What is particularly remarkable about the recovery is that it is being driven by construction of multifamily housing. According to The Record, 58 percent of building permits issued in 2012 were for multifamily housing – the largest multifamily share on record since data collection began in 1980.
What’s more, this 58 percent figure actually understates the popularity of multifamily housing, because of the way the Census Bureau tabulates building permits: in the Census Bureau data, a single permit can cover an entire multifamily structure, regardless of how many individual living units the structure contains. Thus the number of multifamily permits understates the number of actual multifamily units.
This recent dramatic rise of multifamily housing as a driver of building permits is actually a continuation and intensification of a pattern New Jersey Future has already studied (PDF). That report, published in 2010, noted that permits for multifamily housing made up a much larger percentage of total building permit activity in the 2000s than in the 1990s, accounting for only 13 percent of total building permits from 1990 to 1999 but increasing to 30 percent for the 2000-2009 period.

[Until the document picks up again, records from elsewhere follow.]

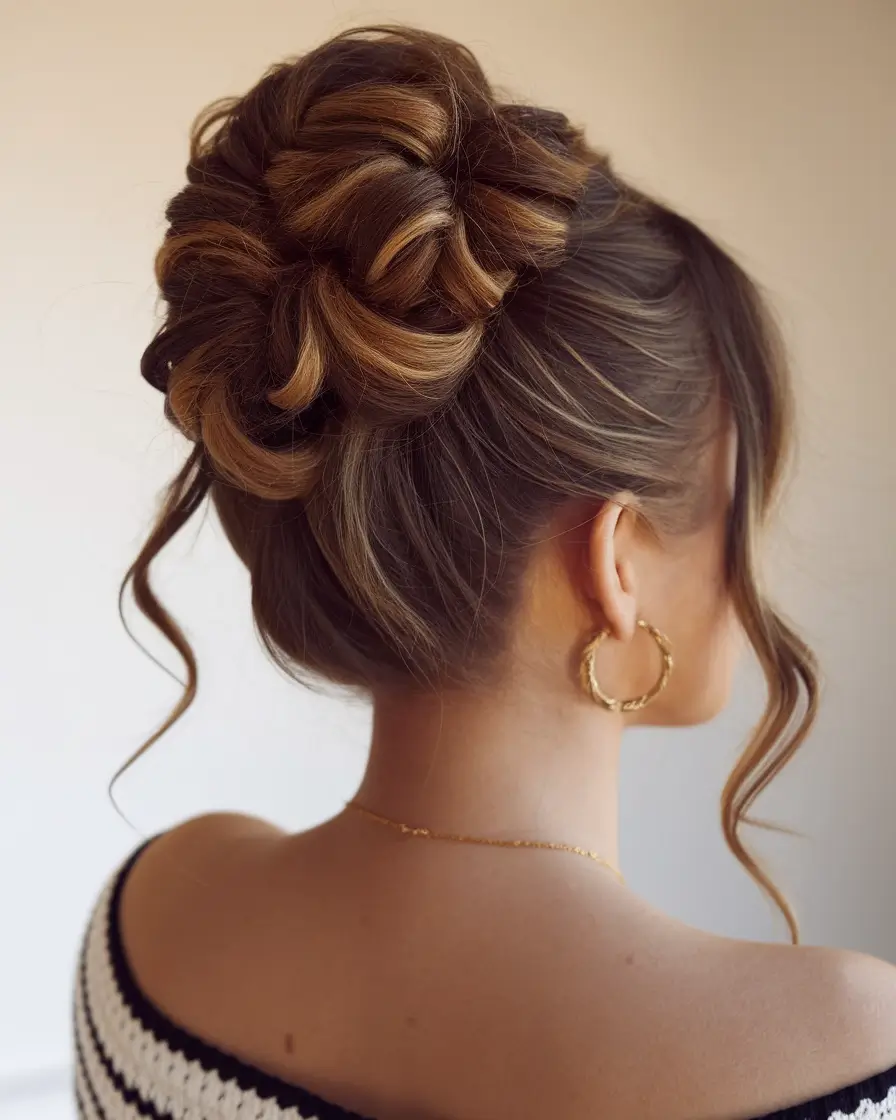 Elegant Updos & Braids for Fall Weddings 2025 Romantic Looped Bun with Soft Twists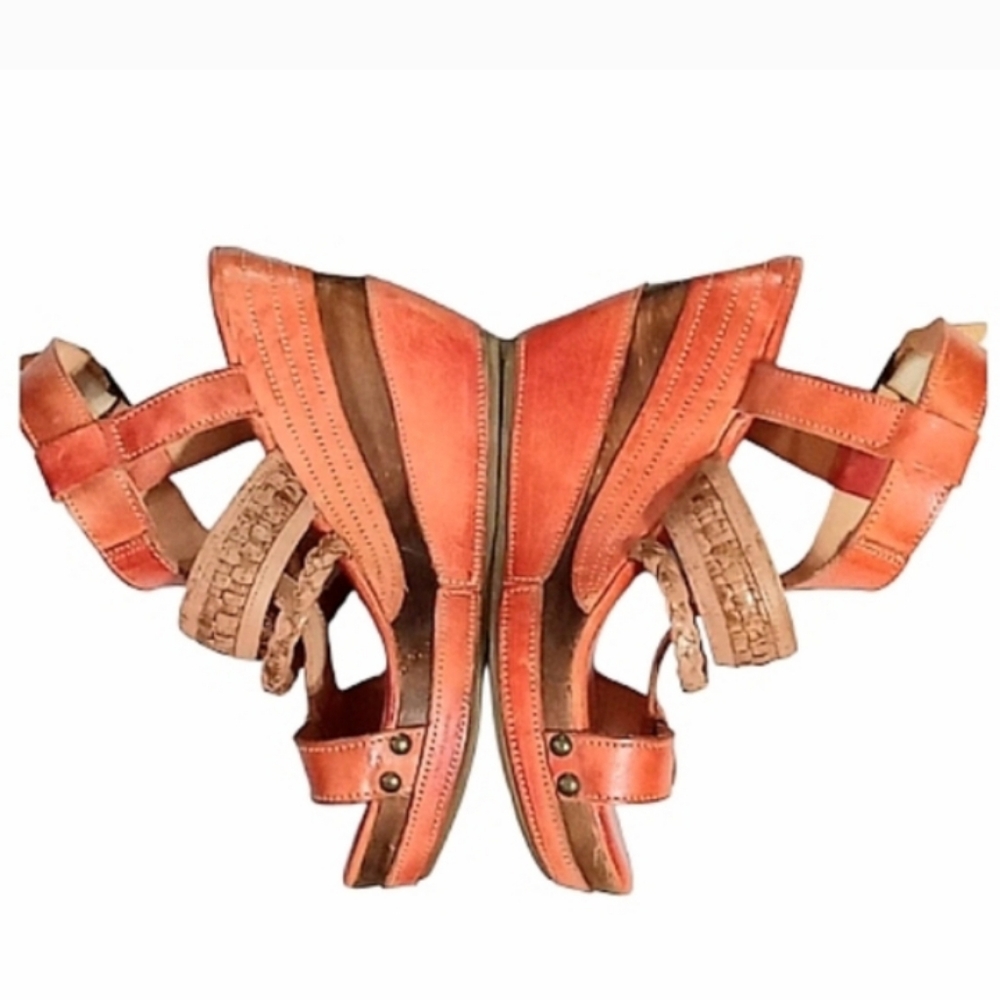 BED STU Jaslyn Platform Wedge Sandals in Rare Rustic Orange Leather Size 9 - Picture 6 of 12
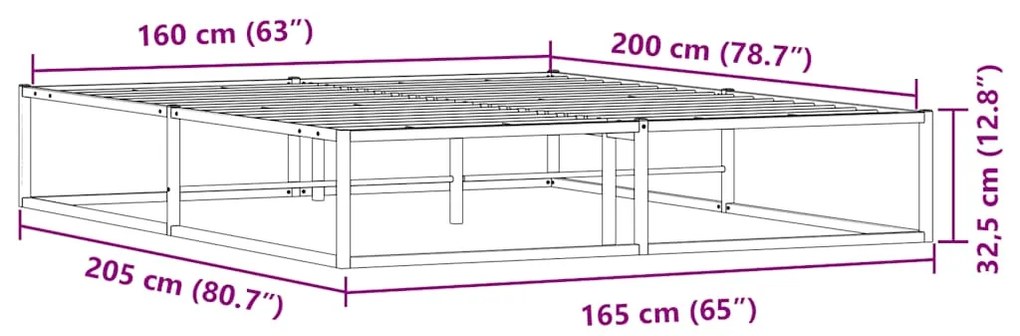 Estrutura de cama sem colchão branco 160x200 cm metal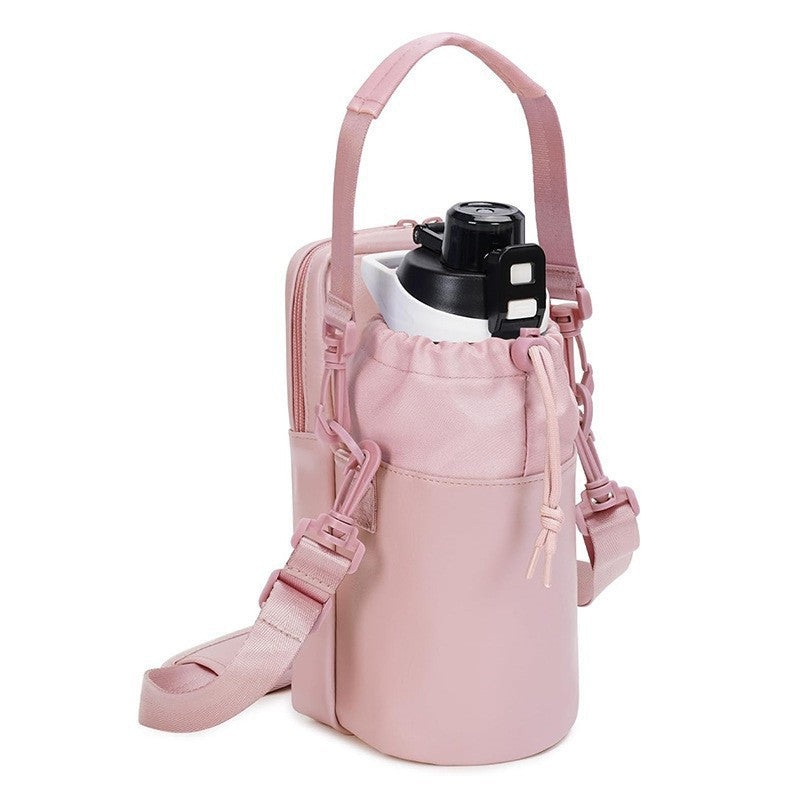 Pink Stylish Water Bottle Carrier Bag with Phone Pocket, Key Clip & Adjustable Strap – Crossbody Sling Holder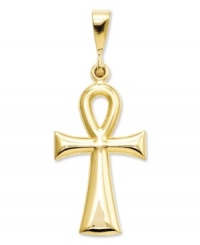 Known as the key of life, this beautifully-crafted Egyptian Ankh cross makes the perfect inspirational addition to your collection. Crafted in 14k gold. Chain not included. Approximate length: 1-2/5 inches. Approximate width: 3/5 inch. Known as the key of life, this beautifully-crafted Egyptian Ankh cross makes the perfect inspirational addition to your collection. Crafted in 14k gold. Chain not included. Approximate length: 1-2/5 inches. Approximate width: 3/5 inch.
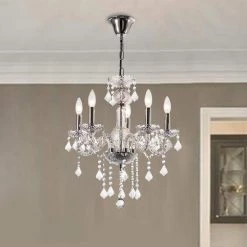 Atlanta 5 -Light Clear Candle Style Classic Chandelier with Crystal Accents by Maxax -Maxax Elegant store clear maxax chandeliers mx19051 5 p fa 1000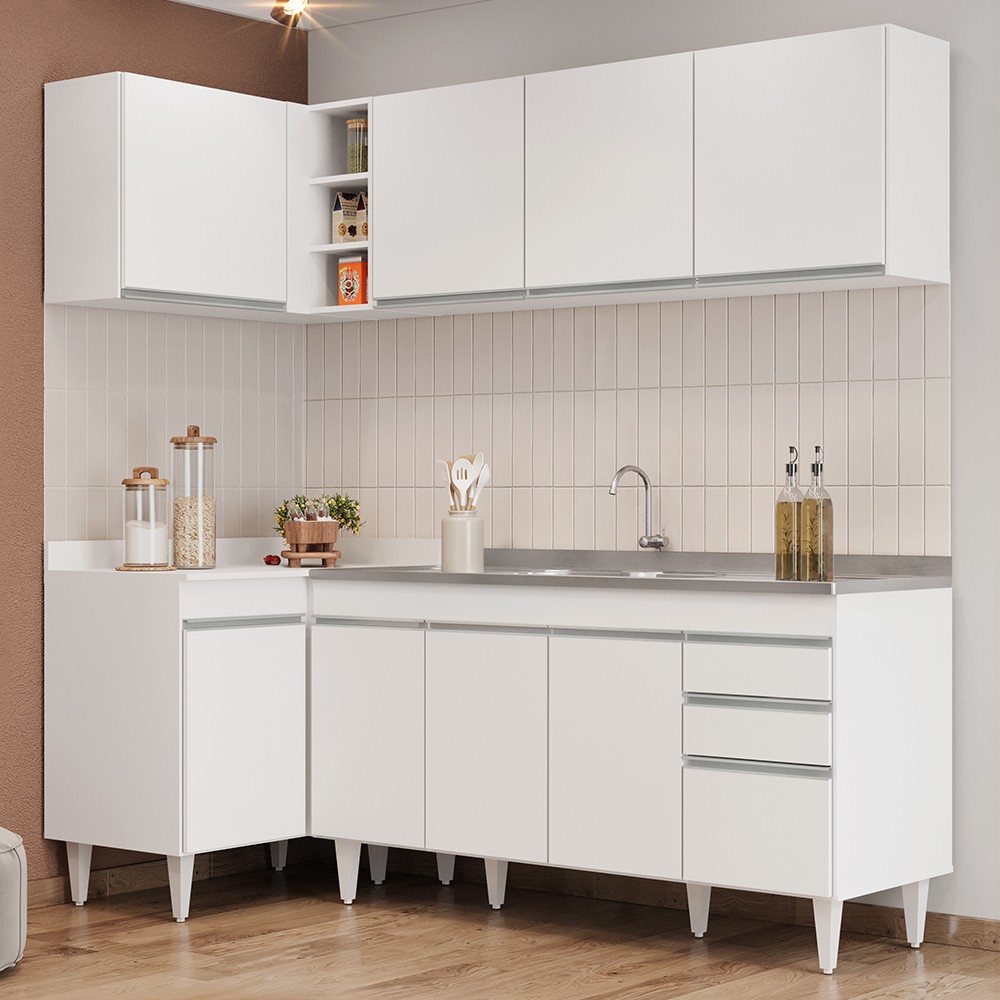 Armário de Cozinha Modulado de Canto Direito 4 Peças CP42 com Pia Inox Branco - Lumil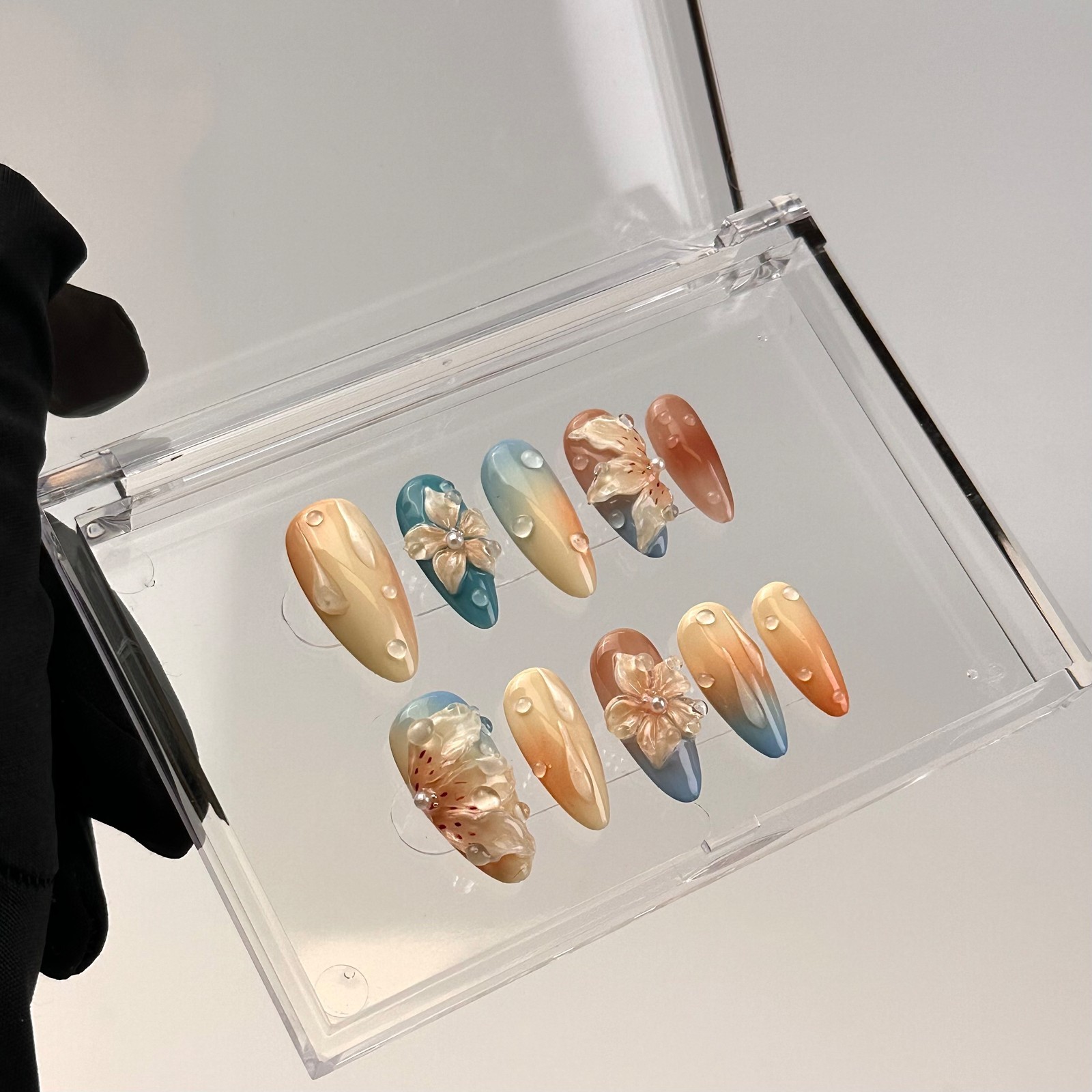 Blue Orange Flower Press On Nails Medium Almond 3D Waterdrop Glue On Set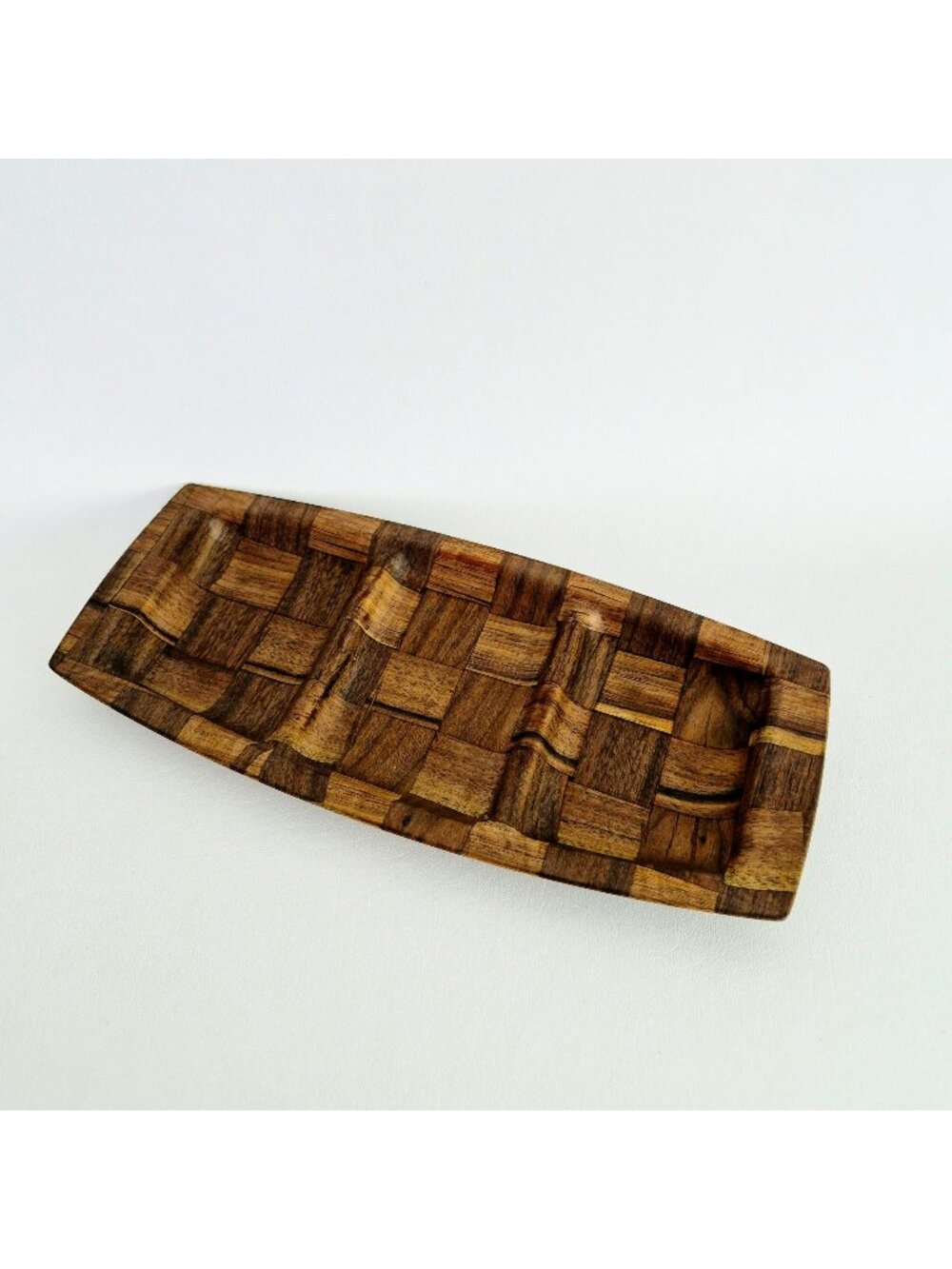 Vintage Mid Century Modern Wooden 3 Part Divided Serving Tray, c.1970s USA Made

And this increase was not just due to a resurgence in building activity in the state’s urban centers – the usual suspects when it comes to multifamily housing. It was also attributable to the fact that the issuance of multifamily permits became much more geographically widespread, with fully half of the state’s municipalities issuing at least one multifamily permit between 2000 and 2009, compared to only a third of municipalities issuing any between 1990 and 1999. New multi-family housing was welcomed into many more communities in the 2000s than had been the case in the 1990s.
The trend is likely to continue, with the Millennial generation – now into its prime household-formation years – expressing a preference for city living and more urban amenities (like proximity to public transportation) and eschewing homeownership, especially the kinds of houses they grew up in.